敵に銃口を向けると、ひどく心が落ち着く。

それは、相手の命を握っていると実感するから。

引き金を、引けば――








兄さんの教室に人が居なくなるこの時間に、行動することは予想範囲内で。

10分ほど授業を受けたところで、気分が悪いと教室を出て、人目につかない扉から寮へと戻った。
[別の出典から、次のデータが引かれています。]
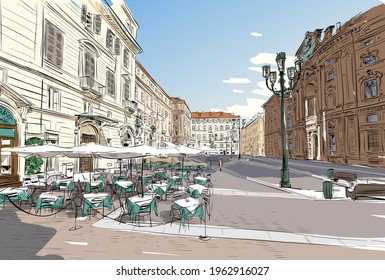 Turin. Italy. Street cafe. Hand drawn sketch. Vector illustration.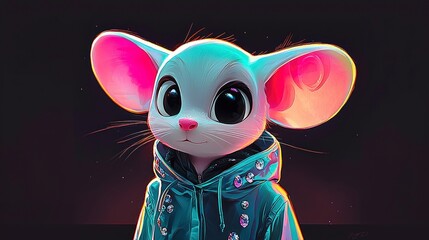 Sticker - Cute Cartoon Mouse in Neon Jacket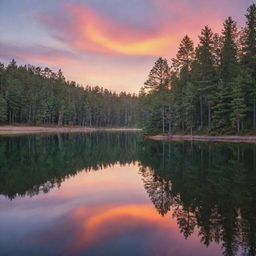 A tranquil scene of a sunset, with vibrant colors reflecting off a serene lake surrounded by towering pine trees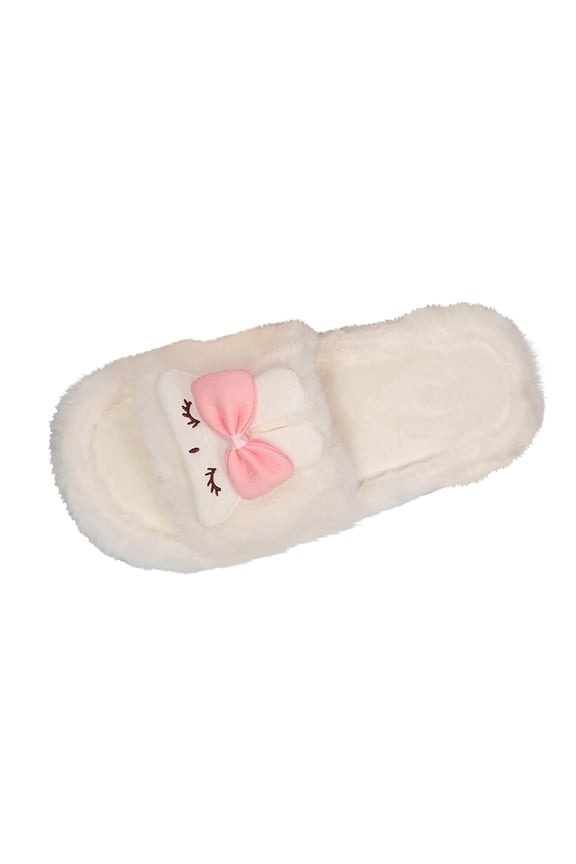 Women Fluffy Slippers Cute Rabbit Decor Open Toe Non-Slip Warm Comfortable Winter Indoor Home Plush Slippers White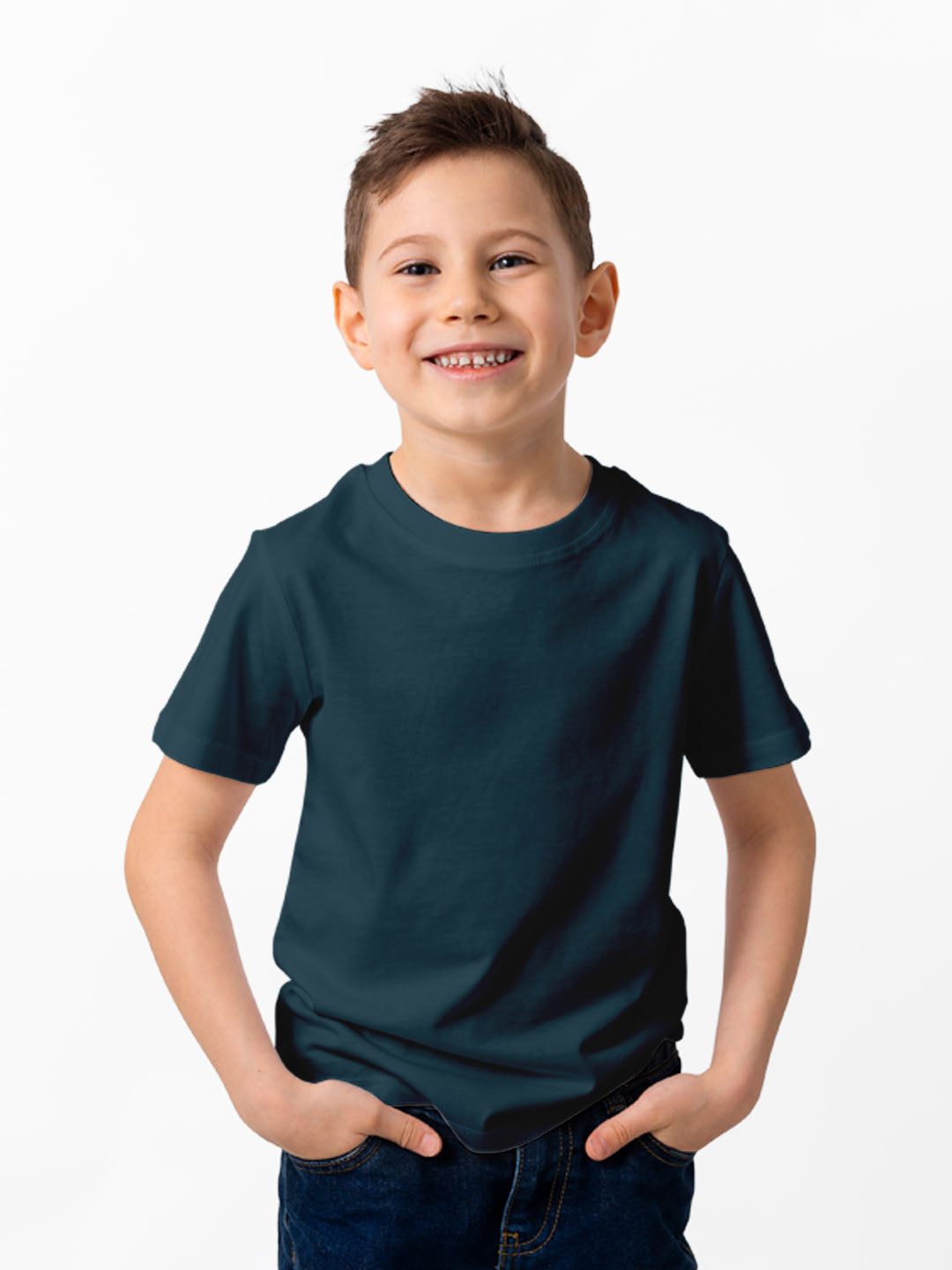 Gingerbread Pure Cotton, Half Sleeve, Round Neck & Solid Tshirt For Boys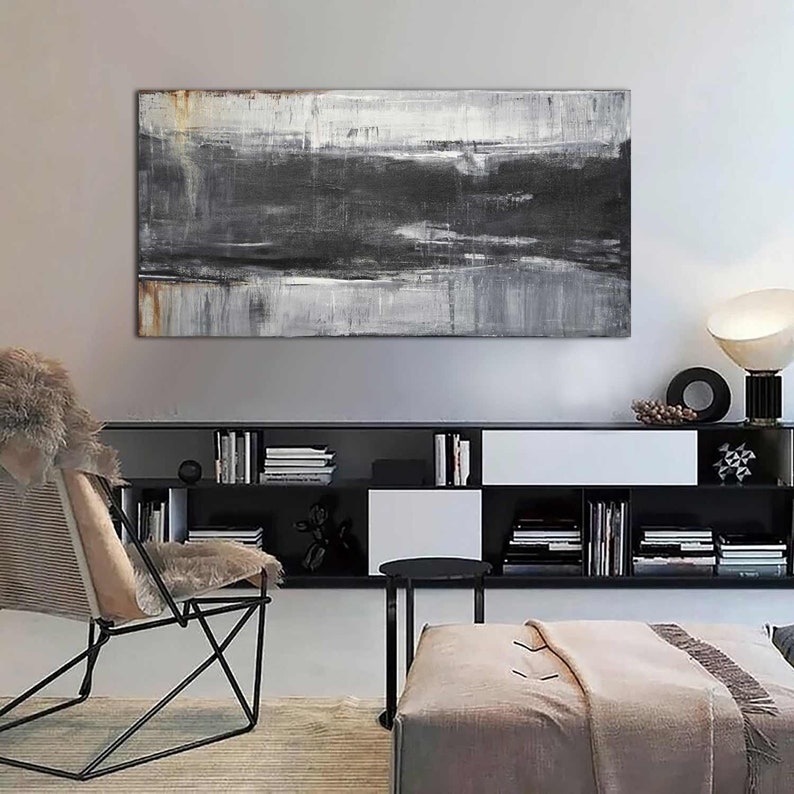 ONE OF A KIND Painting Original Art Gray Black New York Loft Style Wall Décor Edgy Grunge Oil Painting Contemporary Art Ready To Ship Today image 3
想定外に、どこにも、兄さんの姿を見つけることが出来なくて。

この時間、人が居ない祓魔塾内を捜しまわっても、居ない。

兄さんが持っている鍵で動ける範囲はここしかないのに。

嫌な予感がして学校へ戻ると、兄さんのクラスの扉を開ける。
兄さんの机はもう無機質な温度で、しばらく前にこの席を立ったことを示していた。

ここから、兄さんが鍵を使うとしたら――

そっと開けた視聴覚室の扉の向こうで聞こえた二人分の声に、灼熱の温度をした怒りと、絶対零度の殺意が、体の中で交差した。


「楽しそうだね」

自分でも驚くほどの、穏やかで、けれどとても冷たい、声だった。


ゴツ、と当てたままの銃口は、彼の奇抜なピンク色の髪に埋もれている。

「…っ奥村…先生、…学園でも銃、持ち歩いてはるんですか。」

いつも呑気な口調が、今は少し震えているようだった。

「うん。いつでも殺せるように。…悪魔、をね。」

もちろん、任務に使うものとは別だが。

「はは…俺、悪魔ちゃいますよ、先生。」


「そう?…兄さんを傷付けるものは…僕にとって悪魔と同じだよ。」


カチリ、とゆっくりと撃鉄を起こすと、その音に弾かれたように兄さんが叫んだ。

「雪男っ…!!」

彼を守るような、僕を否定するようなその声に、どす黒い感情が体を駆け巡る。

「どうして…?…兄さんが僕の元へ帰ってきてくれるなら…、僕だけを見てくれるなら…僕は…っ」

途中から、自分で何が言いたいのか分からなくなって、唇を噛みしめた。


兄さんを傷付けるもの全てを消し去りたい。
だけど不可能なものもあって。

たとえ兄さんが僕の元へ帰ってきたとしても、他の人間が兄さんに触れたことは変わらない。
兄さんがどう思っていたかも分からない。
それは…、それは兄さんが僕のものにならないということ――


「…っ」

きつく目を瞑って、思考を停止させる。

「ここから…出てってくれないかな、志摩君。」

ゆっくりと銃を下ろすと、彼は安堵したように力を抜いて短く息を吐いた。


そして再び、兄さんに見えないように そっと背中に銃口を押しつけると、兄さんには届かない声音で、警告を。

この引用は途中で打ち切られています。